Title: Trace gas fluxes from a northern mixed-grass prairie interseeded with alfalfa

item INGRAM, L - University Of Sydney
item SCHUMAN, GERALD - Retired ARS Employee
item Parkin, Timothy
item Mortenson, Matthew

Submitted to: Plant and Soil
Publication Type: Peer Reviewed Journal
Publication Acceptance Date: 4/9/2014
Publication Date: 9/18/2014
Publication URL:
Citation: Ingram, L.J., Schuman, G., Parkin, T.B., Mortenson, M.C. 2014. Trace gas fluxes from a northern mixed-grass prairie interseeded with alfalfa. Plant and Soil. 386:285-301.

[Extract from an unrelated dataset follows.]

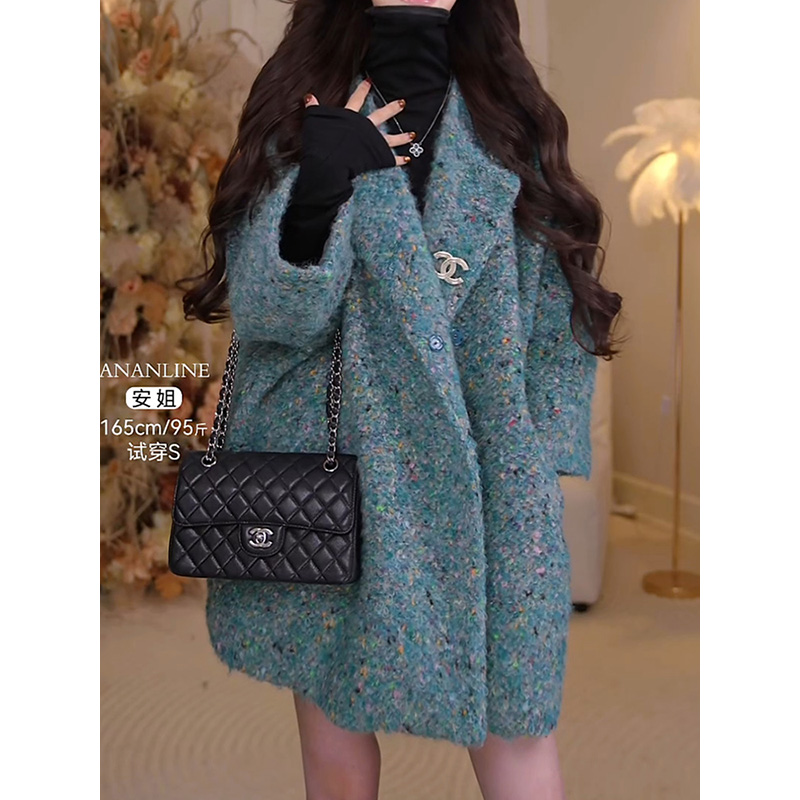 高档轻奢洋气加厚保暖毛呢外套2025冬季新款气质减龄百搭显瘦大衣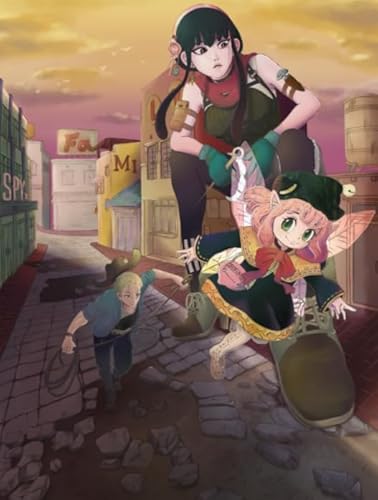 Schwagebo 1500 Stück - Bunt Fun Puzzle - Pictures - Gifts - Japanese Animes Familys - Spielzeug Für Erwachsene Lernspiele Poster - Lernspielzeug Für Kinder - Jk82Zp von Schwagebo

Interpretive Summary: Grazing cattle is the predominant agricultural use of the grasslands that make up much of the Northern Great Plains. While they are crucial grazing areas, due to low rainfall, low soil fertility and severe climatic conditions, vegetation production and associated quality is often low, limiting livestock production. While we can’t change the weather, we do have the ability to improve soil fertility by planting legumes. Legumes, by combining with microbes called rhizobium, have the ability to remove nitrogen gas from the air and convert it to a form of nitrogen that legumes can use. Over time as legumes die and decompose, this nitrogen improves the overall soil fertility. However while improving the soil fertility is good for ranchers in that they are able to increase the productivity and forage quality of their rangelands there is concern that this increase in soil nitrogen may result in greater amounts of the gas of nitrous oxide being produced. This gas, which, along with carbon dioxide and methane, are the three most important greenhouse gases that are believed to be responsible for causing climate change. The aim of this study was to determine if the increase in soil nitrogen that occurs in these grasslands over time after a legume was seeded into them, results in an increase in nitrous oxide and methane being produced. In addition we measured these same greenhouse gases in native grasslands and also native grasslands that had a nitrogen fertilizer added to them. We found that there were generally no differences in the amount of nitrous oxide released between the three different treatments (native, legume and fertilized rangeland). We also found that prairies which had a legume interseed into them generally took up methane to a much greater extent than either native grasslands or fertilized grasslands. Overall it would appear that seeding a legume into a prairie grassland is a win-win situation. Not only does it improve soil fertility and increase the overall production and forage quality and thus livestock production but also there is no increase in the amount of greenhouse gases released from these grasslands.

Technical Abstract: The role of legumes in improving soil fertility, forage quantity and quality is well established, however what is less clear is the extent that the nitrogen fixed by legumes may drive increased trace gas emissions. A chronosequence study in native prairie that had been interseed with the legume alfalfa for 38, 16, and 5 years was undertaken in northwestern South Dakota in order to investigate the impact on the greenhouse gases, nitrous oxide and methane. In addition, comparisons were made to native grasslands that had not been interseeded with alfalfa or a one-time addition of ammonium nitrate. Across all three interseeding years there were few significant differences between the three treatments (native, interseeded or fertilized). Despite greater amounts of soil nitrogen, the interseeded treatment released as much nitrous oxide as the native grasslands, with the exception of the oldest interseeded site where it was higher (but not significantly so). This suggests that the nitrogen being fixed was most likely taken up by native vegetation and reducing the nitrogen available for denitrification. Methane uptake was generally greatest on grasslands interseeded with alfalfa and least on grasslands that had had nitrogenous fertilizers added to them, though again these differences were not significant. The results of this study suggest that while soil nitrogen was greatly increased (up to 40% in the oldest interseeded site) and improved overall productivity, it did not result in overall increase in trace gas production relative to native grasslands.